Still silent, Akari projected the figures on the whiteboard so that Jamshed could see them. On-screen, he stroked his chin and pulled one of the pieces of paper that dangled behind him closer.
“Doctor Jahanshah,” Bruce said. “You can wait until we’ve narrowed it down to the likely candidates before you begin your analysis, if you like. Let’s leave this part to Akari. Right, Kazumi … Kazumi?”
Kazumi was standing before the figure-filled whiteboard. He had his index finger up and his eyes half-closed as his lips moved silently, trying to use that mysterious power of his to perceive objects in orbit. Daryl, too, was sitting before a computer, waiting for Kazumi to open his mouth.
So that’s how it is, thought Bruce. The whole team’s bonkers except for me. Whatever Kazumi’s forecasting methods were, they were completely impenetrable to Bruce. The CIA agent watched as Kazumi slowly lowered his index finger to one side, his entire body leaning as he did so. “Look out!” he said.
Kazumi took a half-step forward, regaining his balance. Daryl turned around to see what was happening.
“Overlay it on a globe,” Kazumi said. “This data is longitude, latitude, altitude, in that order. Latitude is reversed north-south. Altitude is a floating-point number with the Earth’s surface at 1.0.”
Jamshed held up a yellow piece of paper. “Kazumi is right,” he said. “This is the order I used o
n my paper too. Location indicated by first line of data is—”
“First line of data is—” Kazumi said, speaking at the same time.
“Edge of Washington state, directly overhead,” Jamshed continued.
“Seattle airspace,” Kazumi finished.
“Roger,” said Daryl. “Putting it on-screen now.” He tapped at his keyboard, and a single dot appeared on the globe projected on the whiteboard. The dot was at the western edge of North America, right near the border with Canada. Seattle. The city they were in right now.
“Adding the data,” Daryl continued, and clattered at his keyboard again. One dot after another appeared on the whiteboard. Their locations matched the predictions Kazumi had made based on the Cloud observed by Ozzy.
“Wait a minute,” Bruce said, waving his hand and stepping in front of the whiteboard. “You’re joking, right? There are two to six hundred thousand PCs worldwide acting as base stations? That’s imposs—”
“I’ve figured out what the attachments are,” Akari interrupted. “JPEGs.” She placed a new portable projector on her table. A blue and white gradient appeared overlaid on the globe.
“Photos?”
“Yes,” Akari said curtly, and began to open more of the images, all of the same sort, one after another. Blue and white stripes. Sometimes a fade from blue to black, or a stripy pattern of green and blue. Daryl and Kazumi cocked their heads in confusion. Bruce, of course, had no idea what he was seeing. Only Akari seemed on top of the situation as she opened image after image.

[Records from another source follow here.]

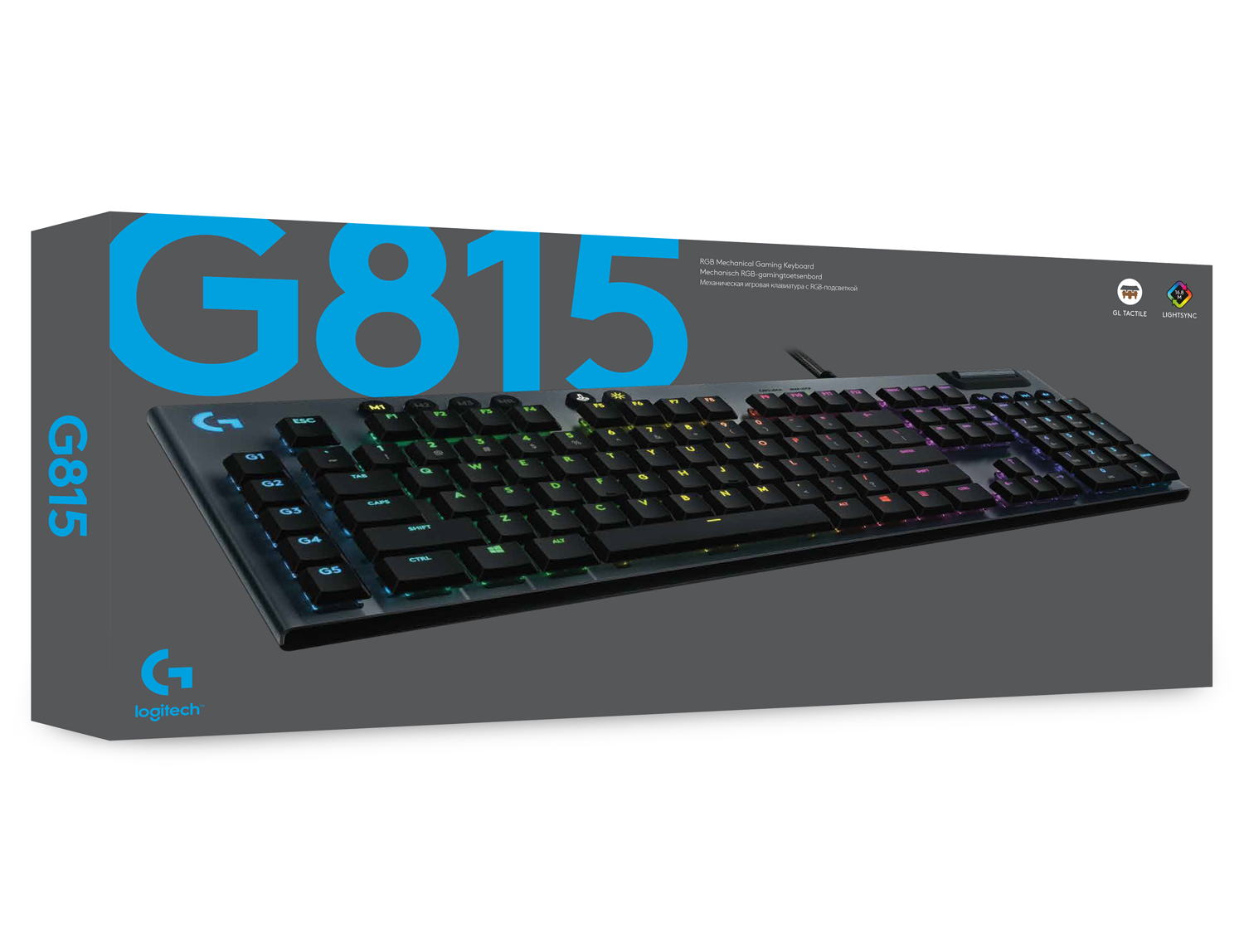 

Клавиатура проводная Logitech G815 Carbon, механическая, GL Tactile, подсветка, USB, черный (920-008991), G815 Carbon
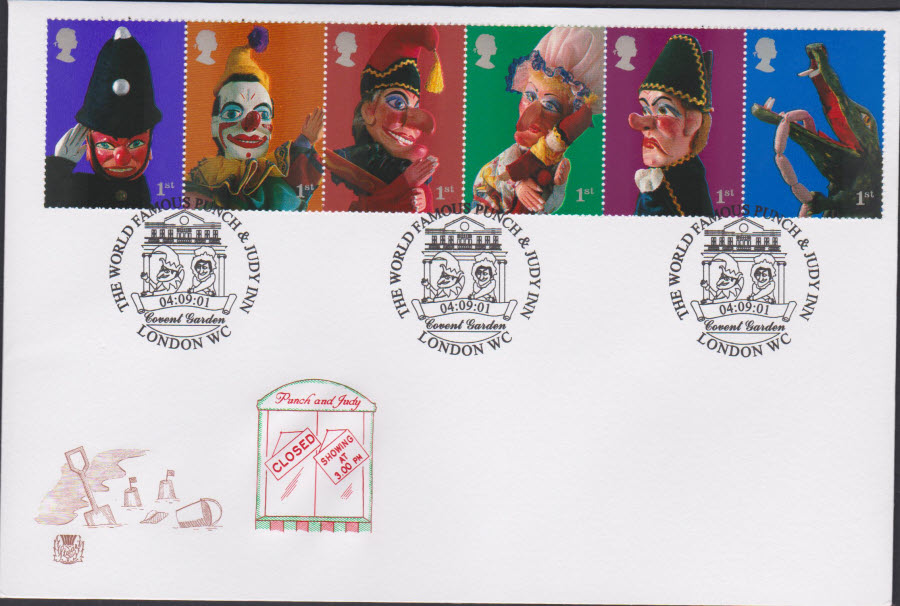 2001 -Punch & Judy FDC Stuart -World Famous Covent Gardon WC2 Postmark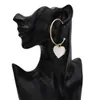 European and American new three-color arc love girls fashion earrings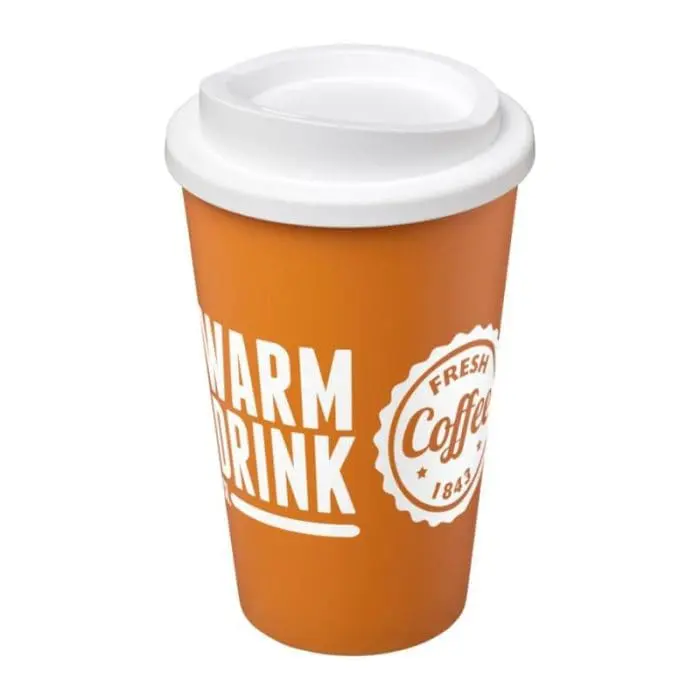 Branded Americano Insulated Tumbler 350ml in Orange with White Lid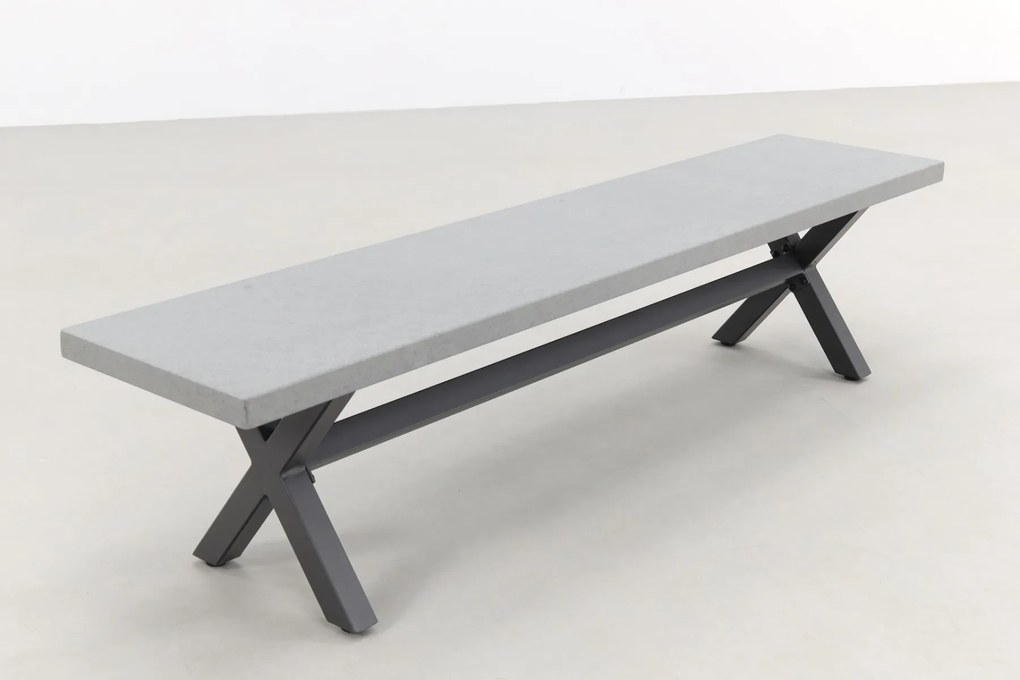 Verona betonlook tuinbank - 190 cm. - Antraciet - Op=Op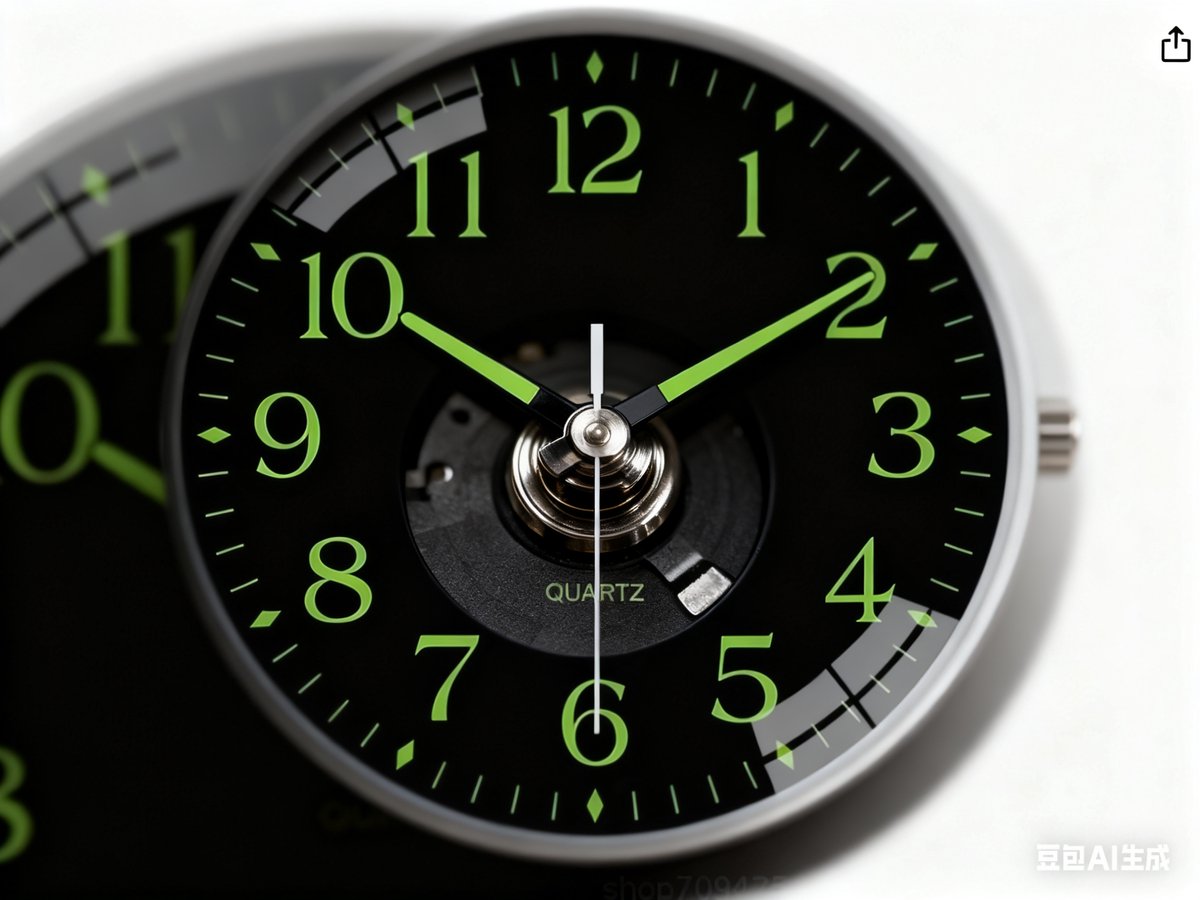 Luminous digital quartz wall clock - 20 cm - Modern minimalist silent clock for living room and bedroom - Stylish wall clock for home use - Image 2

“These photos don’t mean anything on their own,” she said. “I’ll write a program to stitch them together. Just let me check to see if anyone’s already coded some bits and pieces I could use in it.”
The crowdsourcing site MegaHands appeared. Akari entered a few search keywords and brought up a list of parts and libraries for image-processing programs. Bruce looked closely at the “Ordered by” field. The same name appeared in every line: Kirilo Panchenko. The pseudonym Shiraishi had used. Bruce wasn’t sure what Shiraishi had been up to, but once again Akari had managed to follow her uncle’s thinking perfectly. He glanced at Chris, who nodded with apparent satisfaction.